For a delightful change of pace, you might just enjoy Bodanis' Electric Universe. It is well written and well read which alone would put it on my own list.
This well researched book added much human interest and background to many of the scientific and technological developments behind electricity and electronics. The author's overzealous attempts to simplify generated too many totally inappropriate analogies and lead me to suspect that neither the author nor the editor ever took even high school physics. Nonetheless, I learned much from the book and even more from following up on interesting leads mentioned in the book or omitted from the book (e.g. De Forest's invention of the vacuum tube).
A lover of thrillers and enthralling stories told by dramatic and well read narrators.
The books starts well, and gives us something to work with, but the narrator's voice is too gravely and distracting. He makes the book boring, and makes me feel like I'm listening to a science professor who should have retired 5 years before.
The author can write. The telling is quite fast paced and random topics are woven together by the universal thread of electricity. On writing and telling, the book is five star. Alas, the author is neither a scientist nor understands how to check historical facts.
One minor example is when he talks about Lord Kelvin and the age of the earth, he takes a quote out of context, “assuming no other source of heat”, and weaves a fantasy about how Lord Kelvin anticipated radioactivity. This story is well known, Lord Kelvin, one of the great thinkers of all time, refused publicly to add radioactivity into his calculations even when his private letters showed he began to doubt his previous arguments.
I can forgive a great old man for not wanting to admit to a failing, but I cannot forgive an author who reads some scientific fact or historical bit and weaves a tale that does not reflect the known historical interpretation.
Another example is when he talks about Turing but completely ignores Dr. John W. Mauchly and J. P. Eckert, Jr who built the first completly electronic computer (ENIAC). Turing’s lasting contributions were theoretical not practical, he actually failed in his attempt to develop a programable computer. But no reader would know Mauchly and Eckert ever existed fromt his book nor that Turing did not invent software!
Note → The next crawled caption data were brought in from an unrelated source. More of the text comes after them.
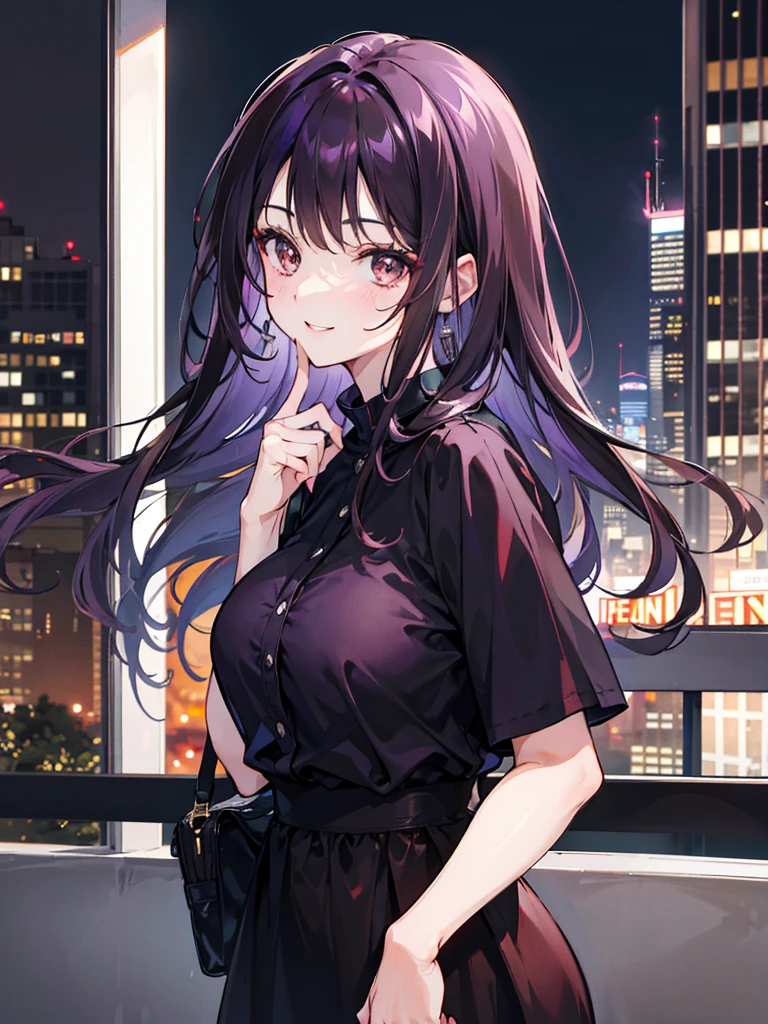 Woman, dark brown eyes, big city, , mid hair, 8k, adult face, dark purple hair, day, smiling, absurdres, highres, ultrasharp, 8k, masterpiece, looking at viewer, tall, mature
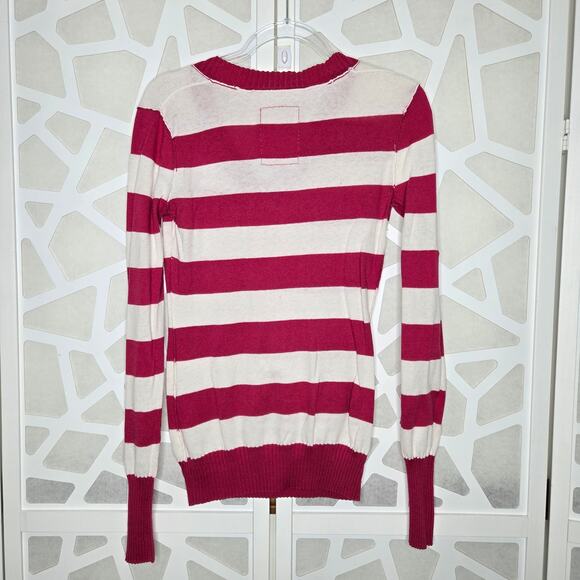 PacSun Nollie Pink/White Striped V-Neck Pullover Sweater Womens SZ LG Y2K 2000s - Picture 6 of 6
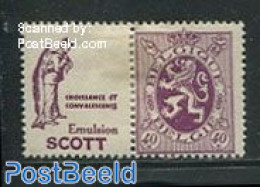 Belgium 1929 40c + Scott Croissance Et Convalescence Tab, Unused (hinged), Health - Nature - Food & Drink - Fish - Unused Stamps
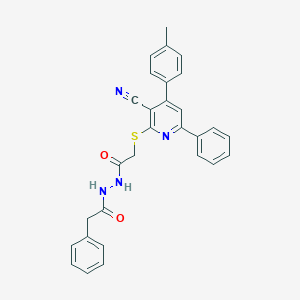 molecular formula C29H24N4O2S B409204 2-{[3-cyano-4-(4-methylphenyl)-6-phenyl-2-pyridinyl]sulfanyl}-N'-(phenylacetyl)acetohydrazide 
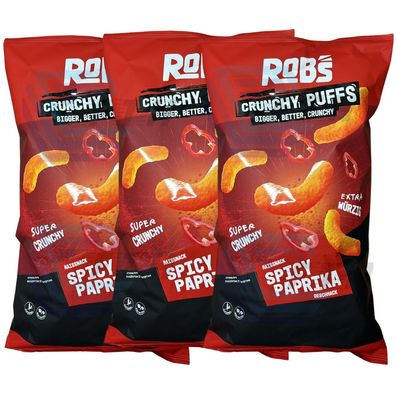 Rob`s Crunchy Puffs | Bigger, Better, Crunchy | Spicy Paprika | 3x 130g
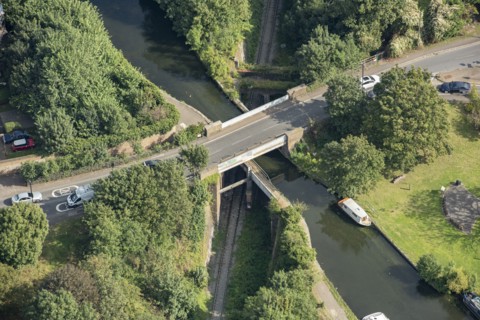 Windmill Bridge, aka Three Bridges, on the Grand Union Canal at Hanwell, London, 2021. Creator: Damian Grady.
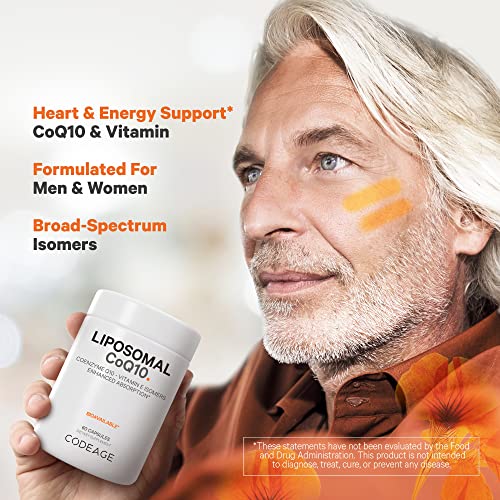 Codeage Liposomal CoQ10 Supplement - Vitamin E Isomers Tocopherols - 125mg Coenzy
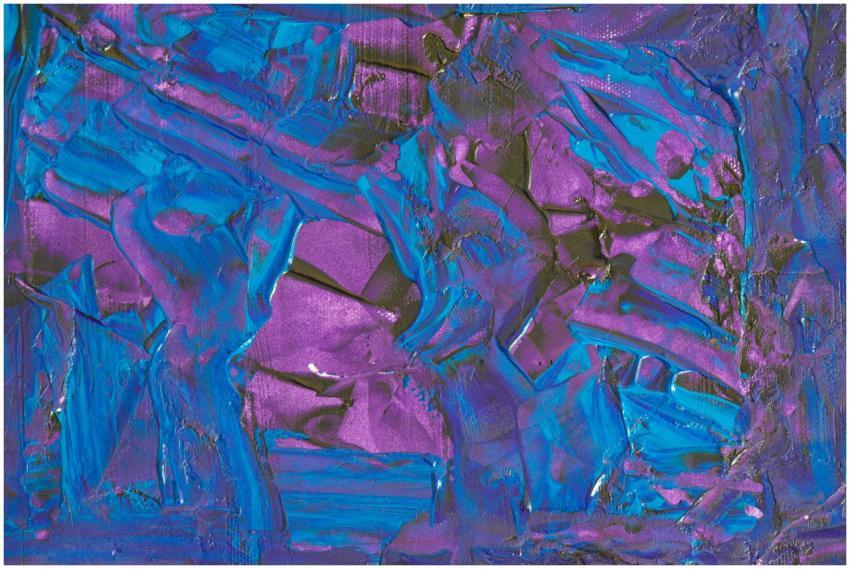 Dynamic abstract painting with vibrant blue and pu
Time and time again the author regurgitates science with the wrong slant: the words are all correct but the overall impression is slewed.
So the book is a fun read, use the book as a jumping off point to learn more, just don’t use the book as a reference on how electricity, or scientists, work.
I really enjoyed this book. However, I thought it spent way too much time on the World War II story (basically development of Radar). I remain unclear on when and how the ability to generate electricity mechanically (as opposed to chemically) developed, and finally, there was a lot about electricity and telegraphs/telephones, but not much about how eletricity as a means to drive motors developed in comparison.
Another geek book but I loved it. Gives a good overview of the history of electricity and really kept my interest. A lot of fun if you like this sort of thing.
The first part of the book was very engaging. The science and development of electricity was presented within a historical context, with a focus on individuals and their struggles to understand their universe (if you are a LOST fan, you will love the background on Michael Faraday and his contemporaries). Fascinating stuff about the laying of the first transatlantic telegraph cable, the war effort, etc. However, two-thirds of the way into the book, it entered the modern era, and it became a science lecture about electrons, etc. Probably interesting if you really like the nuts and bolts of science; pretty darn boring for an English major. This is the first audio book I simply couldn't finish.